File: linux-2.6.36-rc4
Uncompressed Size: 454M
tar.gz
Time: 25.546s
New Size: 88M
Compression Percent: 80.6%
7zip
Time: 4m 0.327s
New Size: 61M
Compression Percent: 86.6%
xz
Time: 6m 6.009s
New Size: 59M
Compression Percent: 87.0%
tar.bz2
Time: 1m 41.552s
New Size: 52M
Compression Percent: 88.5%
By what I have heard xz is supposed to be much better than bz2 or gz, but it may just be my archive contents that restricted the compression. In the end you will have to create compressed archives with the various algorithms on a realistic sample and decide which best files your speed, compression and system load needs.
I know that the format rar is can add a defined amount of redundancy to an archive, thus making the archive more robust when it comes to corruption; the catch is that the rar format isn't open. I don't think that GNU tar has the same feature built in, but third party utilities might provide something similar.

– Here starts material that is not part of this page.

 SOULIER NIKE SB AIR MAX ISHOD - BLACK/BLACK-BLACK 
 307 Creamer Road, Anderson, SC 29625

When it comes to efficiency, all tests I have seen so far indicate that the compression ratio of bz2 is superior to that of it's older counterpart gz, but that efficiency boost comes at the price of requiring more CPU time. I don't have anything to contribute regarding other formats (xz, 7z, etc); see Matthews excellent answer for some raw numbers on this issue.
Lets compare the two formats:
file.tar.gz : generally larger, but it takes less time to decompress
extraction command: tar -zxvf file.tar.gz
file.tar.bz2: generally smaller, but takes more time to decompress
extraction command: tar -jxvf file.tar.bz2
Now let's assess your needs: If you want to distribute your file online, I reccomend using bz2. This allows for faster downloads of said file. If you are running on a lower-end machine with a faster internet connection, than by all means use gz. This will allow for faster decompression, but download time will suffer.
To conclude: Both formats are (basically) useable accross Linux systems, you just have to decide which format meets your needs best.